Greece received roughly 36 million international tourist arrivals in 2024, a record that put unprecedented pressure on housing inventory in Athens, Thessaloniki, and the most-visited islands. Short-term rental listings on platforms like Airbnb and Booking.com expanded by over 20 percent in central Athens between 2019 and 2024, and local rents in the most affected neighborhoods rose faster than the national average.
In response, the Greek government tightened the short-term rental framework along three dimensions: registration (mandatory AMA via the AADE platform), geographic restriction (the central Athens moratorium on new licenses), and taxation (a revamped tourist tax structure introduced in 2024 and refined in 2025). The 60-day threshold separating short-term from long-term rentals — already part of Greek law — was clarified in supporting guidance to reduce ambiguity and prevent owners from labelling repeat short stays as "long-term" to avoid registration.
For foreign property owners, the practical effect is simple: every short-term rental property must be registered, the registration must be on every listing, and rule compliance is now actively audited by AADE. The era of unregistered Airbnb listings in Greece is over.
AMA stands for Arithmos Mitroou Akiniton, which translates as "Property Registry Number." It is a unique identifier the Greek tax authority (AADE) assigns to a specific property when the owner registers it for short-term rental use. One property gets one AMA. If you own multiple properties and intend to rent each on a short-term basis, each requires its own AMA.
The AMA links your property to the AADE system for three purposes: (1) it confirms the property is legally registered for short-term rental; (2) it tracks income reporting and tax collection; (3) it provides a check that platforms (Airbnb, Booking.com, Vrbo, and others) can validate before publishing a listing.

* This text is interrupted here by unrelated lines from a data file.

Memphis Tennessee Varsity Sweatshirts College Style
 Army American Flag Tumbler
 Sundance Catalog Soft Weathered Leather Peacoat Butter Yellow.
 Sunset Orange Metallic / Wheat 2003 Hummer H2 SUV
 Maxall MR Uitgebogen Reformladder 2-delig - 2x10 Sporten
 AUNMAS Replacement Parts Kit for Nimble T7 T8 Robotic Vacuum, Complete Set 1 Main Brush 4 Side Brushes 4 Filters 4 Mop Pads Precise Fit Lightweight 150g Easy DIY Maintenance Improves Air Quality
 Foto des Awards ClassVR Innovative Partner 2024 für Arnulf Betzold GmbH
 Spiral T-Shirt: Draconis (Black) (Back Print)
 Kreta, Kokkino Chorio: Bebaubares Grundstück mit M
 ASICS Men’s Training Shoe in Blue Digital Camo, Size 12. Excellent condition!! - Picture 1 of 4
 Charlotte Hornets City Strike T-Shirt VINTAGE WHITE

The owner of the property holds the AMA. If the property is co-owned, all owners must consent and one is designated as the registered manager. Foreign owners can hold an AMA in their own name as long as they have a Greek tax identification number (AFM) and a Greek tax representative. Companies and Greek LLCs can also hold AMAs.
Greek law distinguishes short-term rentals from long-term rentals using a 60-day threshold. A lease longer than 60 days is treated as a long-term residential lease. This distinction matters because long-term leases are not subject to the AMA registration requirement, the tourist tax, or the AADE short-term rental income reporting cycle. Instead, long-term rentals are taxed under standard Greek rental income rules and reported on the annual personal income tax return.
The 60 days refer to the duration of a single lease to a single tenant or tenant group. Six tenants staying ten days each does not constitute a long-term rental — that is six separate short-term stays, each requiring AMA compliance. A single tenant staying 61 consecutive days under a written lease is a long-term rental and falls outside the STR regime entirely.
Some long-stay bookings on Airbnb (one-month and two-month stays are common) cross into the long-term zone. Hosts who book a 90-day Airbnb stay are technically operating a long-term residential lease for that booking, not a short-term rental. The income from that booking is reported differently, and certain Airbnb-collected fees may not apply. However, the AMA on the listing remains valid — the host does not need a different AMA for long-stay bookings, only different income reporting.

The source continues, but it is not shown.